Ondanks de taaldichtheid geeft de tekst van Smits leuke spelingangen aan actrice Linda Zijl. Het gaat niet om wat er precies gezegd wordt, maar wat het teweegbrengt bij de ander. Hoe irritant is het dat je nooit het antwoord lijkt te krijgen dat je wilt? Hij: ‘Kunnen we dit normaal bespreekbaar maken?’ Zij: ‘Ik wil dit niet normaal bespreekbaar maken, want ik vind het niet normaal!’ En met de wanhoop van de spelers die maar ronddraaien in hun gesprek vraag je jezelf ook af: hoe belanden we hier toch in?
De voorstelling, die verder simpel is gehouden – een kleed, een blok om op te zitten – laat alle ruimte aan de acteurs, waarbij het personage van Smits naar het einde toe aan sympathie wint. Ze spelen knap ingehouden én niet ingehouden emoties en gaan daarin ver. En net op het moment dat de kijker denkt, ik trek het niet meer, ik ben moe van dit gesprek en ik ben moe van hen, volgt een wending. Je zou kunnen zeggen dat Smits met deze tekst een heel positief mensbeeld laat zien. Ondanks de onmogelijkheid om waarachtig bij elkaar te kunnen zijn, kun je alleen zo’n (hoogst irritante) dialoog voeren wanneer je écht om elkaar geeft. Ik noem het vanaf nu een Smitsiaans gesprek.
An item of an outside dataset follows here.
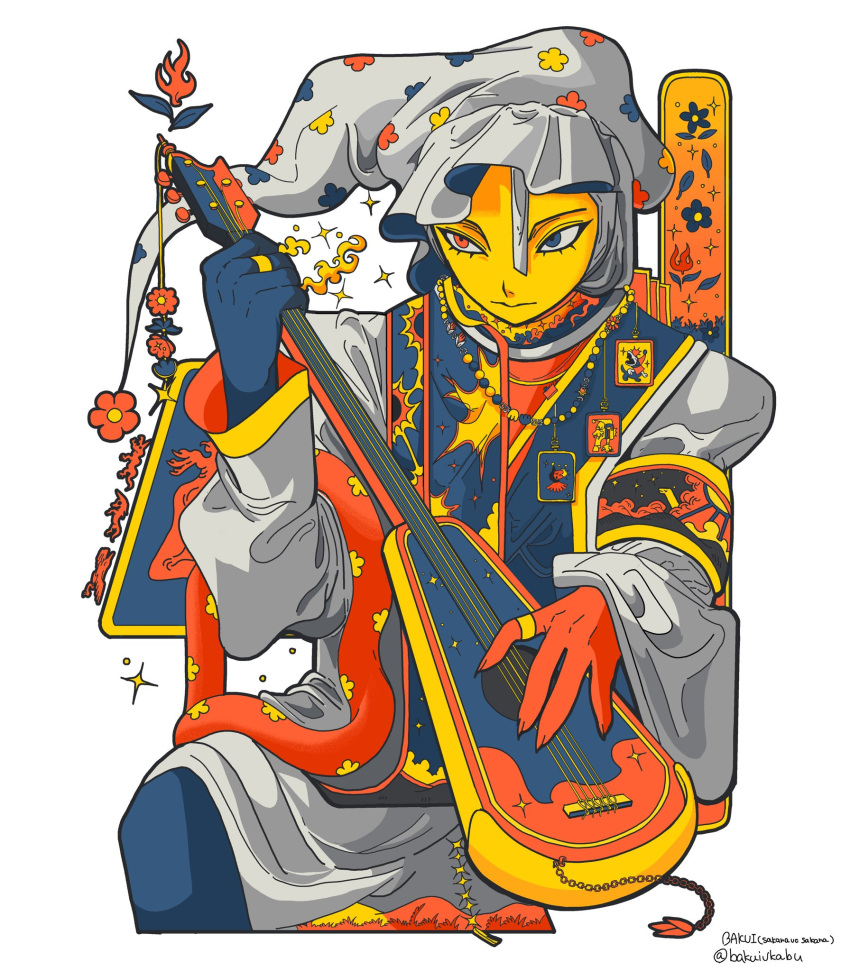 1boy, armband, artist_name, asymmetrical_gloves, bakui, bead_necklace, beads, black_eyes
De voorstelling raakt. Voordat het begon voerde ik zelf nog een Smitsiaans telefoongesprek met mijn vriend die ik nu – na het zien van deze voorstelling – ga terugbellen om te zeggen hoeveel ik eigenlijk van hem houd. Smits heeft het talent om het tekortkomen van de pratende mens liefdevol neer te zetten. Waar kunnen we deze taal nog meer inzetten? Welke regisseur heeft nog scènes nodig? Welke tv-serie verdient een realistische tekst? Hier willen we meer van zien.